$\det( J_f^T J_f)$ $f:R^n \rightarrow R^{n+1}, f(x) =\frac{(x_1,\dots,x_n,1) }{(1+x_1^2+\dots+x_n^2)^{\frac{1}{2}}}  $
$J_f$ is the Jacobi matrix of f
I want to calculate $\det( J_f^T J_f)$ but:
$J_f^t J_f =  \left( \begin{array}{cc} |(x,1)|^2 - x_1^2 & -x_1 x_2 & \dots & -x_1 x_n \\ \vdots & & & \vdots \\- x_1 x^n & -x_2 x^n & \dots & |(x,1)|^2 -x_n^2 \end{array} \right) \cdot \frac{1}{|(x,1)|^{4}}$
I don't know how it's possible to find a general solution for this determinant.

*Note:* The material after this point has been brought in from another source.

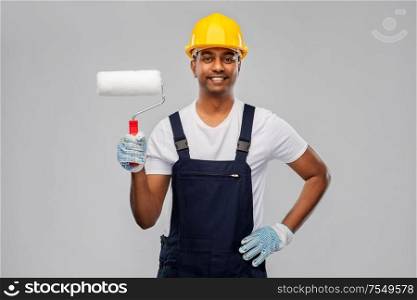 repair, construction and building - happy smiling indian builder or painter in helmet with paint roller over grey background. happy indian painter or builder with paint roller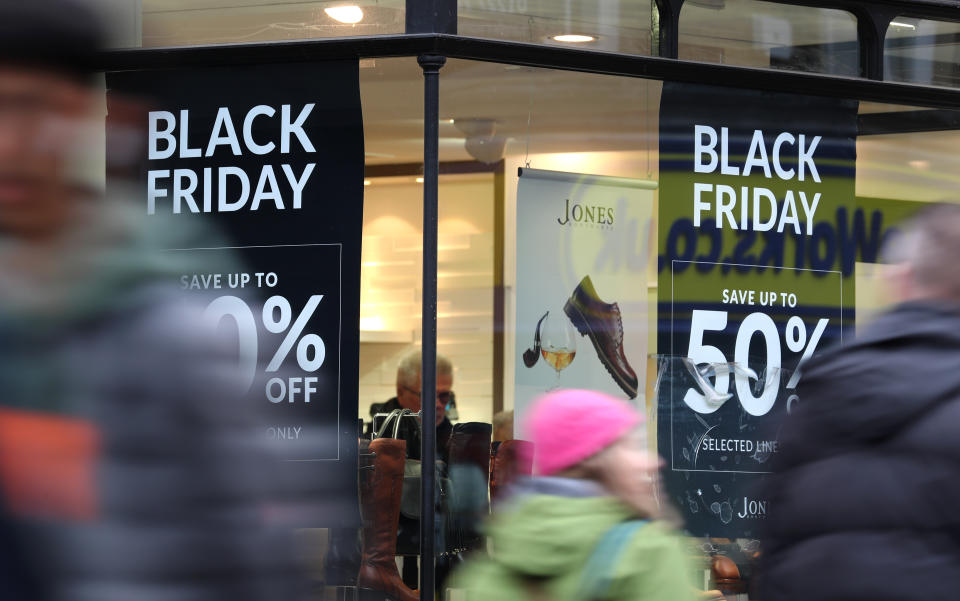 Shops in Canterbury, Kent, display offer posters ahead of Black Friday sales.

It seems impossible to me.
 A: Let me use $n = 3$ to make this easier to write and picture
The trick here is that the matrix
$$\begin{pmatrix} x^2 & xy & xz \\ xy & y^2 & yz \\ xz & yz & z^2 \end{pmatrix} = \begin{pmatrix} x \\ y \\ z \end{pmatrix} \begin{pmatrix} x & y & z \end{pmatrix}$$
is rank 1.
So we have
$$J_f^\top J_f = \frac{1}{c^2}\left( cI - u u^\top \right)$$
where $c = (1 + x^2 + y^2 + z^2)$ and $u^\top = \begin{pmatrix} x & y & z \end{pmatrix}$.
And now we use a common formula for the determinant of a rank-1 update:
$$\det(I + uv^\top) = 1 + u^\top v.$$
See e.g. Determinant of rank-one perturbations of (invertible) matrices or https://en.wikipedia.org/wiki/Matrix_determinant_lemma
So we obtain
\begin{align}
\det(J_f^\top J_f) &= \frac{1}{c^{2n}}\det(cI - u u^\top) \\
&= \frac{1}{c^n} \det\left(I - \frac{1}{c} u u^\top \right) \\
&= \frac{1}{c^n} \left( 1 - \frac{1}{c} u^\top u \right) \\
&= \frac{1}{c^{n+1}} \left[ (1 + x_1 + \dots + x_n) - (x_1 + \dots + x_n) \right] \\
&= \frac{1}{c^{n+1}}.
\end{align}
So the final answer is
$$\det(J_f^\top J_f) = \frac{1}{(1 + x_1 + \dots + x_n)^{n+1}}.$$